Nous avons intégré à ce courant les LGBT, les geers, ou encore les écologistes. Pourquoi ? Parce que tous ces groupes, ces bons apôtres d’une nouvelle religion sont persuadés qu’un combat doit être mené sans tarder contre tous les acteurs responsables de la destruction et de la dégénérescence mondiale. Il n’est pas faux ou exagéré, en les évoquant, de les comparer aux premières hérésies chrétiennes, le péché originel ici étant la représentation du mâle dominant blanc. D’ailleurs se réveiller (woke), c’est se repentir et prendre conscience que la seule quête valable sur la terre est la quête du salut.
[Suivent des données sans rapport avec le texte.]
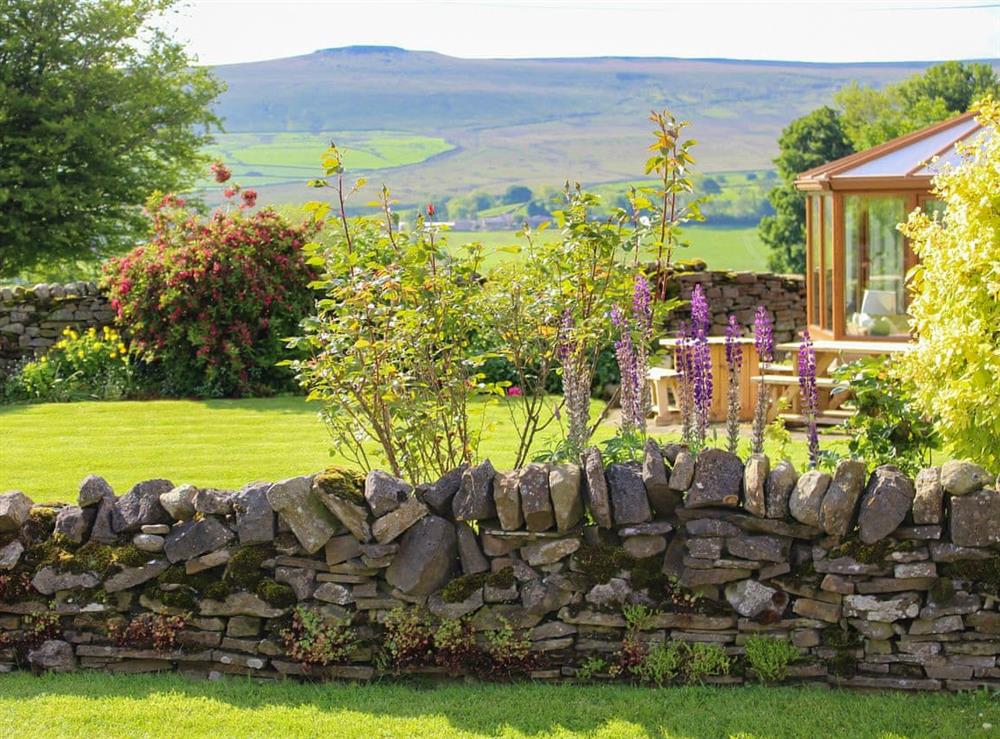Beautiful lawned garden with fantastic Dales views at Lyndhurst Cottage in Carlton-in-Coverdale, near Leyburn, North Yorkshire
Certes, cette religion semble ne pas posséder de dieu. Du moins un dieu chrétien. Elle possède néanmoins un monde originel, un monde créé ex nihilo qu’il faut retrouver, un monde pur, le créationnisme étant aux yeux de ces nouveaux apôtres ou de ces fidèles d’ailleurs souvent virtuels, la forme primitive la plus élaborée de l’univers.
Aujourd’hui, dans un débat compliqué, deux voies peut-être superposables nous semblent ouvrir ou au contraire fermer le paysage. Une première voie bordée de barbelés conduisant à une immense forteresse : un lieu rempli d’œuvres d’art, de moments historiques grandioses, de réalisations prodigieuses. Et à l’opposé - ou en parallèle, une deuxième route conduisant à un champ de ruines joyeuses, à un temple gigantesque, peut-être à une arène, où l'on pourrait voir s'ébattre toutes les racines et les ramifications du monde occidental. Un lieu peuplé de censures, d’interdits, d'opprobres. Un désert rouge rempli de clowns rieurs installés sur des mottes de concepts périmés, de passés défeuillés, attendant de voir s’envoler, surgi d'on ne sait où, un Phœnix inconnu cherchant à modeler un espace tolérable susceptible de les doter d'un souffle régénérateur.